When a lender "locks" your interest rate, this means you are guaranteed a specific interest rate for a specific period of time. That period of time is called the lock period.

The lock guarantees your rate as long as your loan closes and funds prior to the expiration date of your lock. If your closing is delayed beyond your lock expiration date, you could be exposed to higher market rates. It is good advice to lock for a period longer than you need, or a period beyond your actual closing date. This will protect you in case unforeseen circumstances arise.

Typical lock periods are 15, 30, 45 and 60 days. In a stable rate environment, shorter lock periods provide you the potential for a better interest rate. However, the market can be volatile and rates move with market activity, up and down.

If you believe rates may go up slightly, you might benefit by waiting to lock because of the shorter lock commitment period. If you believe rates will go down, you would benefit by waiting to lock. If you believe rates will stay the same, you may also do better to wait. If you have a feeling that rates are going to go up significantly, by all means lock your rate.

Once you have a property under contract, you may be able to lock your rate by simply speaking with your mortgage consultant. Be sure to consult your lender to discuss any questions you have about your loan.

Your mortgage consultant will order the appraisal. Buyers are responsible for ordering the survey, and ensuring the appraisal is complete in a timely fashion. Be sure to get a copy of the appraisal from the lender. Among other things, surveys can help determine whether there has been an encroachment to the property lines, building lines, or easements. If your home is new construction, the builder may order the survey just after completion, or just before closing. It is recommended that all buyers purchase a survey even though they are often not required in Georgia. Condo buyers typically do not get an appraisal completed.

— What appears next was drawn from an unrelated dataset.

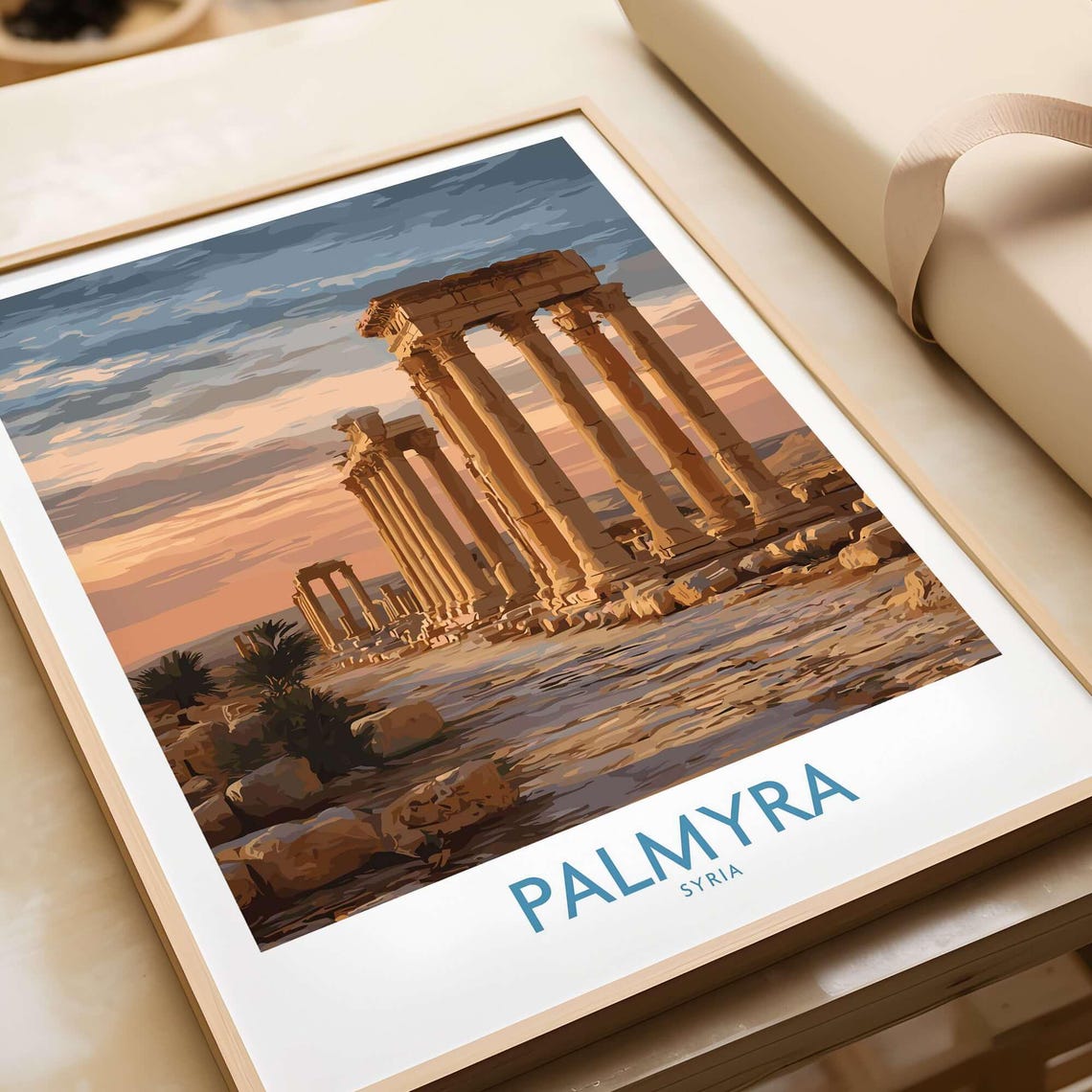 Palmyra Syria Desert Ancient Roman Ruins At Sunset Heritage Poster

Typically, none of the mortgage documents you have received are contractual until you are actually at closing and sign your note.

All your mortgage consultant is doing with your application is approving you and putting you in a position to make an offer, purchase a home and close a mortgage loan. You are not obligated for the loan transaction until you sign your closing documents. Buyers should confirm this with their lender.

There are several key items you need to have addressed to ensure a smooth closing.

Homeowners Insurance, or Hazard Insurance, is coverage that compensates for physical damage to the property by fire, wind or other natural causes. It is very important for you to obtain your Homeowners Insurance at the earliest possible date so that there are no delays in your closing or in obtaining the necessary closing funds.

You should send your Declaration Page of your Homeowners Insurance policy with proof of payment to your mortgage consultant at least 5 days prior to your closing date. The responsibility to order and produce a clear Termite Certification depends on the terms in your contract. Check with your mortgage consultant for details.

Closing costs are the other charges the buyer must pay to obtain a loan. These usually included taxes, which are charged in most states, and title insurance. When applying for your mortgage, your mortgage consultant will provide you with a Good Faith Estimate of the closing costs as part of the application package you receive. Your mortgage consultant should contact you within 72 hours of your closing date, and will provide you with a preliminary Settlement Statement or a HUD-1 indicating the required cash to close. This ensures that you have ample time to arrange for wiring the necessary funds.

You will probably be required to wire your funds to the closing attorney prior to closing. Although variations from the HUD-1 aren’t anticipated, you should bring your personal checkbook to closing in case there are last minute adjustments. If you are due a refund at closing, the attorney will issue you a check or wire the funds.

Closing will typically take place at an attorney's office. The attorney usually represents the lender - not the buyer or seller. All borrowers associated with the mortgage loan transaction will be required to bring Picture Identification to closing such as a driver's license or passport.